Thursday, April 28th, 2011

MetLife is one of the top life insurance companies, and their annuity products are a big reason why.  According to “MetLife Annuities See Positive Outlook” by Errol Baddoo of the Annuity News Journal, the company’s annuity sales are soaring.  While they didn’t take first place in annuity sales in 2010, MetLife’s annuity sales of almost $21 billion made the top 5.  Their variable annuities sold $18 billion in 2010, a 19% increase from 2009.  While fixed annuity sales declined by 65%, they still accounted for around $2 billion in sales for MetLife.  Fixed annuities skyrocketed in popularity during the recent economic crisis because of their stability in a volatile marketplace.  As the economy has improved and variable annuities have increased in popularity, it only makes sense to see somewhat of a decline in fixed annuity sales.

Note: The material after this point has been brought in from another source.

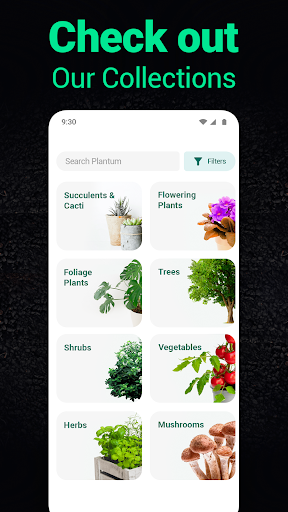 Plantum - Plant Identifier screenshot 23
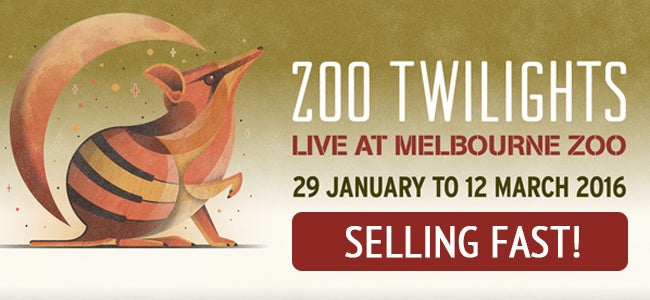 It's A Record Selling Year For Melbourne Zoo Twilights, And Tickets Are Going, Going, GONE!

MetLife’s newest variable annuity, a joint force with Fidelity Investments, is called the MetLife Growth and Guaranteed Income variable annuity.  In its first 12 months in the marketplace, this new variable annuity accounted for $1 billion in sales.  Some of MetLife’s other products include multiple annuity offerings like the 401k annuity, life insurance, other insurance plans, and a plethora of other retirement plan options.  Their biggest competitors are AIG, Hartford Financial, and Prudential Financial, the last of which took the top spot in annuity sales in 2010 with $23 billion.  MetLife’s stock value of $48.83 is 10% higher than the current market price, according to the Trefis stock price estimate.  Annuity products make up around 17% of the stock value for MetLife.  The company expects their newest variable annuity and other annuity products to add even more sales in 2011.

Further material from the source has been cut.